Description of the task
Set down exactly each line of the entries below, beginning at the one that contains "Ronlap Furniture Washing" and ending at the last, and no others.

---- Excerpted records

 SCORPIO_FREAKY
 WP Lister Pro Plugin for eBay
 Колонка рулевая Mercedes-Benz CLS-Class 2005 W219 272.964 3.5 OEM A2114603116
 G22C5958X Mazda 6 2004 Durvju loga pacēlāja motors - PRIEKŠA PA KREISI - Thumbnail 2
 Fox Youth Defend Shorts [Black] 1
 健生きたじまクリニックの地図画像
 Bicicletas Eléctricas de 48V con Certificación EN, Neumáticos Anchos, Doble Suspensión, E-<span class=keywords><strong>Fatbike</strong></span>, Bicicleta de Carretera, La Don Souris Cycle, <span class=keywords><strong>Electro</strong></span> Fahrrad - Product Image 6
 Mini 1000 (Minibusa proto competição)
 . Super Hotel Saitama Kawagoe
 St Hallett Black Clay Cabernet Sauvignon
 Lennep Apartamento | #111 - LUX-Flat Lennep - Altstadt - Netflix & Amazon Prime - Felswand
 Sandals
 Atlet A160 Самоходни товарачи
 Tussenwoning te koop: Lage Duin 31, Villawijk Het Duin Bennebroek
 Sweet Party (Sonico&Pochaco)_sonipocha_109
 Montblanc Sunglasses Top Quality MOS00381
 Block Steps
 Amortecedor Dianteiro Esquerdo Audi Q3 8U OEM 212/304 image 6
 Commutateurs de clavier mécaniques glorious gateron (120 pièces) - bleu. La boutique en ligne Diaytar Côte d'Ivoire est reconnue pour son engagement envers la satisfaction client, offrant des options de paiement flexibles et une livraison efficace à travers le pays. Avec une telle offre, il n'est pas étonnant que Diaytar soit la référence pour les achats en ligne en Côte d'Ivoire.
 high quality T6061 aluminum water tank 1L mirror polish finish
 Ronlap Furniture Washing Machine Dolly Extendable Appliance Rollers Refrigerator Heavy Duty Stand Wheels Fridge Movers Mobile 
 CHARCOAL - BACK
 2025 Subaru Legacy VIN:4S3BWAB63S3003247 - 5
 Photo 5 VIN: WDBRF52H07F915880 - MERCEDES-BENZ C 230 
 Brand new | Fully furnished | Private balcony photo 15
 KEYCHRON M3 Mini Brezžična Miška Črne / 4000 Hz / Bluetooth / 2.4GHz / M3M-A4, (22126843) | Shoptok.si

--------

Reply to the exercise
 Ronlap Furniture Washing Machine Dolly Extendable Appliance Rollers Refrigerator Heavy Duty Stand Wheels Fridge Movers Mobile 
 CHARCOAL - BACK
 2025 Subaru Legacy VIN:4S3BWAB63S3003247 - 5
 Photo 5 VIN: WDBRF52H07F915880 - MERCEDES-BENZ C 230 
 Brand new | Fully furnished | Private balcony photo 15
 KEYCHRON M3 Mini Brezžična Miška Črne / 4000 Hz / Bluetooth / 2.4GHz / M3M-A4, (22126843) | Shoptok.si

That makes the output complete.